How to Build a Data Product
He suggests considering the business as a network of customers, employees, vendors, and partners; look at business as an end-to-end value chain. Rather than seeing procurement, for example, as a single line of business, take into account the entire value chain within procurement. This process helps identify all of the players and what their value propositions are, “And will also identify where the value leaks are in the whole chain,” he said. The solutions created to fix those leaks are potential revenue-generating products.
Analytics Best Practices
Southekal published a book, Analytics Best Practices. He said that the book offers prescriptive and practical guidance that can be used in a variety of settings. His goal was to address the four pillars of analytics — Data Management, Data Engineering, Data Science, and Data Visualization — with ten best practices, and to do so by focusing on concepts rather than on specific tools or platforms. “It’s practical, it’s complete, it’s neutral.”
DBP-Institute
DBP Institute helps companies get the most out of their digital technologies and data by implementing new solutions or by optimizing existing solutions, he said. They work primarily in higher education and corporate settings, as well as offering analytics education and training online and at conferences.
Recipes for Success with Analytics Best Practices
Because of the effects of the COVID-19 pandemic, many companies are turning to data and digital technologies as key enablers.
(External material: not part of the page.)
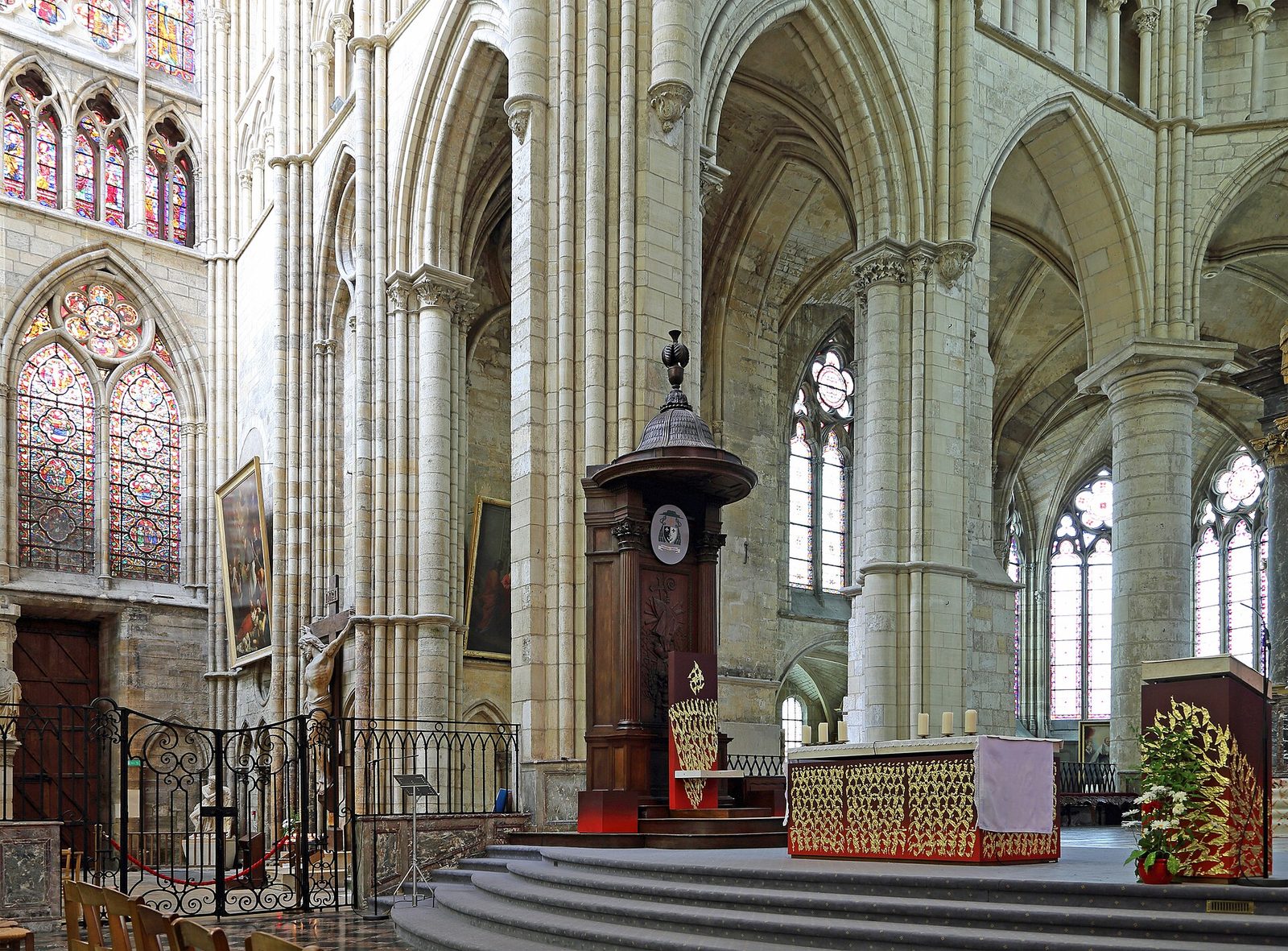 Châlons-en-Champagne Cathédrale R01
Southekal created a reference architecture document he calls The Reference Architecture for Digital Enablement (TRADE) to help companies with their digital enablement and analytics initiatives. Analytics is ultimately about data, he said, but to capture data, you need mechanisms for data storage, processing, and integration. “I’ve collected ‘recipes’ for best practices, and now when I work with customers, I bring TRADE, my implementation cookbook.”